Poner límites a los niños es importante, no solo porque así la convivencia es más armónica sino también porque los niños son los primeros interesados y beneficiados de que se les marquen unas normas que, además de infundirles seguridad, les van a permitir adaptarse mejor a las normas y límites sociales en su vida social y adulta.

Un límite es una frontera que contiene la conducta de alguien, permite delimitar, organizar y proteger; son importantes para su desarrollo y evolución ya que les aportan seguridad y protección

Lo que se limita es la conducta no el sentimiento de tal manera que no afecten el respeto y la autoestima del niño.

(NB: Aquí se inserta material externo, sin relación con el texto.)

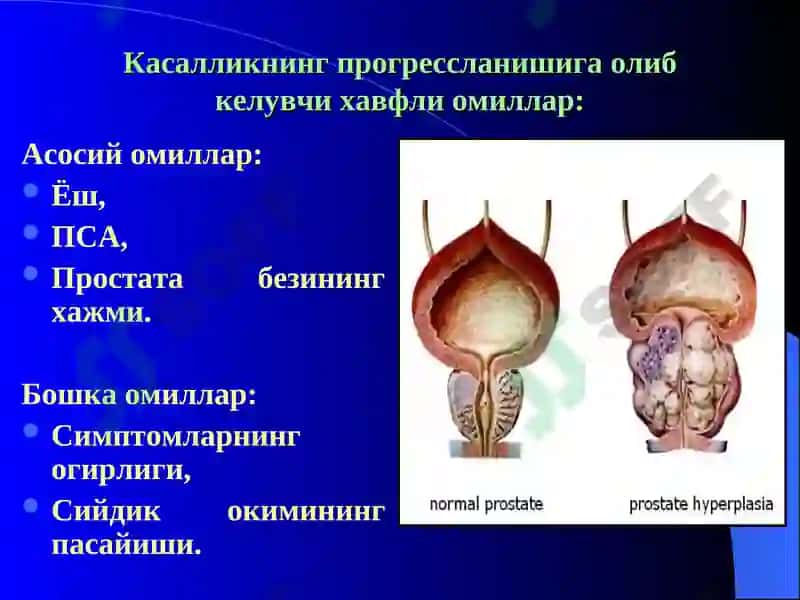 Простата бези хавфсиз гиперплазияси 6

Se trata de poner límites sin que el niño se sienta, humillado, ridiculizado o ignorado.

Los límites deben ser:

1.- Claros

Debemos asegurarnos que las entiendan o difícilmente las cumplirán, centrándonos en lo que queremos que haga o deje de hacer, es decir en la conducta, en cuestión, no en la actitud o en la valía del niño Por ejemplo, si el niño nos interrumpe cuando estamos hablando con otra persona habría que decirle “Espera a que termine de hablar” o “No me interrumpas cuando hablo con otra persona”, en vez de “No seas pesado” o “Compórtate como un niño mayor”.

2.- Concretos

Es decir ir al grano: A la hora de establecer el horario de llegada a casa de un adolescente habría que concretar, por ejemplo: “Vuelve a casa antes de las 10 p.m.” No sería adecuado el mensaje “Vuelve pronto” o “No llegues tarde”. Si pensamos que el adolescente puede saltarse la norma sería bueno el recordarle la consecuencia: “Ya sabes que si llegas más tarde de las 10 el próximo sábado no podrás salir”.

3.- Cumplidos

Hay que ser constantes con las normas y consecuentes con las decisiones tomadas: las órdenes que nunca se cumplen, los castigos que olvidamos, etc. provocan una pérdida de autoridad y le confunden.

4.- Consistentes

Un límite es firme si siempre lleva aparejada la consecuencia. La consistencia es el punto más importante del establecimiento de límites: cuando el niño sabe que siempre sus padres actúan como han acordado, tendrá en cuenta la norma y la respetará.